Your task is to print all of the data below exactly, with no pictures included.

▸ Exercise materials:
------
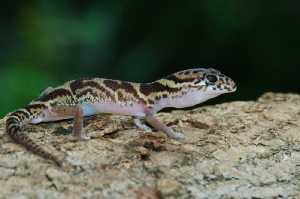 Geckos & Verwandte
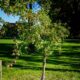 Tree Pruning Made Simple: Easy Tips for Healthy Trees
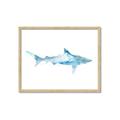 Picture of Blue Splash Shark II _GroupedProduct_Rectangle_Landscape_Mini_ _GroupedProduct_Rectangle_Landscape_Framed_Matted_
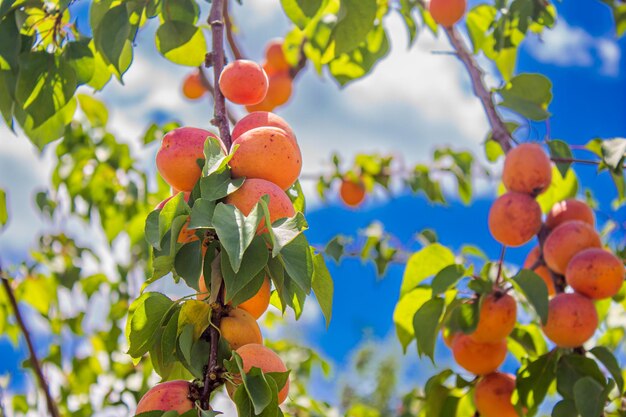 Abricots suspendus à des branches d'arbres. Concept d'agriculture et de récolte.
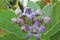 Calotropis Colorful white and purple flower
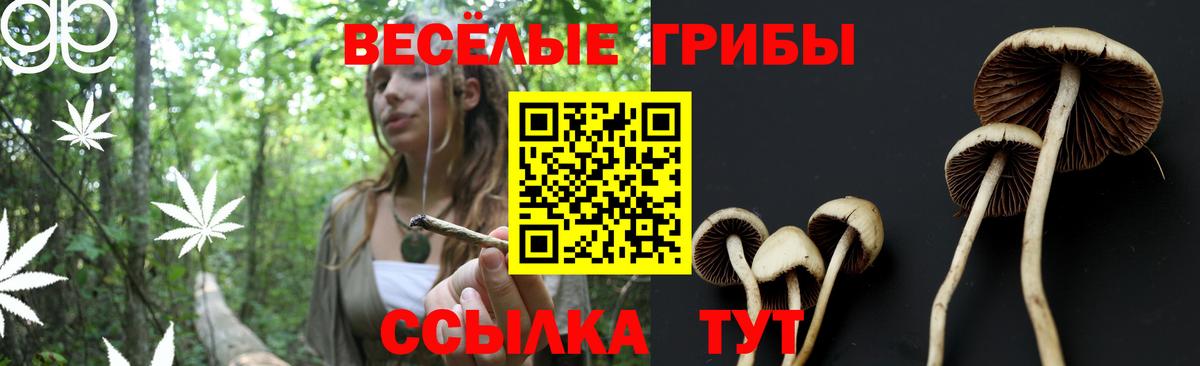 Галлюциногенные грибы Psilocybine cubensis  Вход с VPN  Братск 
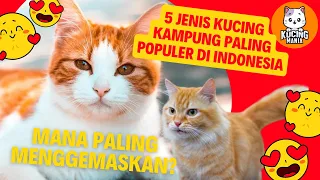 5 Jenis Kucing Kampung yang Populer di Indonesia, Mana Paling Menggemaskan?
------
▸ Worked solution:
 Geckos & Verwandte
 Tree Pruning Made Simple: Easy Tips for Healthy Trees
 Picture of Blue Splash Shark II _GroupedProduct_Rectangle_Landscape_Mini_ _GroupedProduct_Rectangle_Landscape_Framed_Matted_
 Abricots suspendus à des branches d'arbres. Concept d'agriculture et de récolte.
 Calotropis Colorful white and purple flower
 Галлюциногенные грибы Psilocybine cubensis  Вход с VPN  Братск 
 5 Jenis Kucing Kampung yang Populer di Indonesia, Mana Paling Menggemaskan?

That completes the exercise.